Infertility is a frequent medical problem. Throughout the world, infertility affects 1 in 6 couples. In the U.S right now, more than six million infertile couples desperately want to have children. Many infertile women produce normal eggs, but these eggs are unable to reach the uterus because of blockage in the fallopian tubes. That was the problem in the mother of Louise Brown. Since the birth of Louise Brown 23 years ago, nearly a million healthy babies have been born to infertile parents through IVF. Last year alone, more than 100,000 IVF babies were born, accounting for 1 in 200 births in the U.S. and more than 1 in 50 births in the U.K., France, Scandinavia, and Israel.
Edwards and Steptoe's breakthrough in IVF spawned five new fields of clinical investigation. The first spin-off is the preimplantation diagnosis of genetic diseases, which makes it possible to prevent the birth of embryos that are destined to develop serious inherited disorders like cystic fibrosis and Down's syndrome.

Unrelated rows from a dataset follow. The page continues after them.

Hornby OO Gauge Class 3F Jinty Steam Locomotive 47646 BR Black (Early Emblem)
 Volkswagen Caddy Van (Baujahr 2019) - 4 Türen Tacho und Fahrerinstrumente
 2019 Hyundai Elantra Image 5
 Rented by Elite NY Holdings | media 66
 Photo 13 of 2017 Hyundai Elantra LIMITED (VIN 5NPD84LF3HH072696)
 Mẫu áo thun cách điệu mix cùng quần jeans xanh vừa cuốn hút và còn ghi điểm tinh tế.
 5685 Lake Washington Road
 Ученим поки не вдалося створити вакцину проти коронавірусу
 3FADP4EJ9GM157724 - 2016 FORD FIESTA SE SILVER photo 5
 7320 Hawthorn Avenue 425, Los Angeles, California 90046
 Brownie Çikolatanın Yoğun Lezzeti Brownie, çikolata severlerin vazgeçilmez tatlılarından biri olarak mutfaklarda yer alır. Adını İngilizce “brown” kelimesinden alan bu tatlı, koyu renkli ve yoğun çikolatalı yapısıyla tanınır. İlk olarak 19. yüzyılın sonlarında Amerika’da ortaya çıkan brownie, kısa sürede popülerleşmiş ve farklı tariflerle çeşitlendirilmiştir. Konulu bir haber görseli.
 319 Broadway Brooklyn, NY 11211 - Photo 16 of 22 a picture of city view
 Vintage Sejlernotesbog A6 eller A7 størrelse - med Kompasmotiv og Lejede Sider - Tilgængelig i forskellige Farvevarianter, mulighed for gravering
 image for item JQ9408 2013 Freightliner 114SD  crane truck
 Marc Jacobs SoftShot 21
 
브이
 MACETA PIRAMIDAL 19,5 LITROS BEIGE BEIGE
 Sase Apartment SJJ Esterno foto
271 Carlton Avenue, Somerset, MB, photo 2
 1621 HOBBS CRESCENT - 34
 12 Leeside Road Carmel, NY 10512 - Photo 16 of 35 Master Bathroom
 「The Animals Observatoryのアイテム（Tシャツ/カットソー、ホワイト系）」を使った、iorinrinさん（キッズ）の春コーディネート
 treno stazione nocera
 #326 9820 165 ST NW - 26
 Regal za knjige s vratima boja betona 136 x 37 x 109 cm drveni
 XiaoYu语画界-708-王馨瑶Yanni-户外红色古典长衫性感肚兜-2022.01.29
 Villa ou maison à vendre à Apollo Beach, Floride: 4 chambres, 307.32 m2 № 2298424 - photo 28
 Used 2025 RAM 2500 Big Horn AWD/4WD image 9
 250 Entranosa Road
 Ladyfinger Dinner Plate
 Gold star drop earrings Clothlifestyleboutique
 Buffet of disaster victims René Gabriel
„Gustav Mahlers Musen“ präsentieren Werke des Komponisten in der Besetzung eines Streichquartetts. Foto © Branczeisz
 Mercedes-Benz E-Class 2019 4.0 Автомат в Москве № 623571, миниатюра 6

The second spin-off is the freezing of human embryos (cryopreservation), which makes it possible for patients undergoing cancer chemotherapy to preserve their fertility. A third spin-off is a new treatment for male infertility, called ICSI, in which a single sperm from a man with a low sperm count is injected into the cytoplasm of the egg. The fourth spin-off is the new field of human embryonic stem-cell research, which holds great potential for treating many common disorders such as Parkinson's disease and juvenile diabetes. Without Edwards's technique of mixing eggs with sperm in the test tube, there would be no blastocysts to produce the stem cells. And finally, the birth of Louise Brown led to a new field of reproductive bioethics and law, which is especially timely in view of the current controversy surrounding stem-cell research.
Patrick Steptoe, Edwards's long-term clinical collaborator, died in 1988 at age 75, one week before he was to be knighted at Buckingham Palace by Queen Elizabeth II. Had Steptoe been alive today, he would have undoubtedly shared in this Lasker Award with Robert Edwards. Without cross-fertilization, there would be no in vitro fertilization.
Most advances in medicine proceed in small steps. A precious few are great leaps. We know that IVF was a great leap because Edwards and Steptoe were immediately attacked by an unlikely Trinity—the Press, the Pope, and Prominent Nobel Laureates! The passage of time—plus a million smiling babies full of joy—have vindicated Edwards. This millennial year, the UK issued four stamps to celebrate the most noteworthy British advances in clinical medicine over the last 1000 years. Those honored were: Edward Jenner for vaccination against smallpox (1796); Florence Nightingale for founding the field of nursing (1890); Alexander Fleming for penicillin (1928); and Robert Edwards for developing IVF (1978). If one picture is worth 1000 words, then one's picture on a millennial stamp should be worth 1000 Laskers!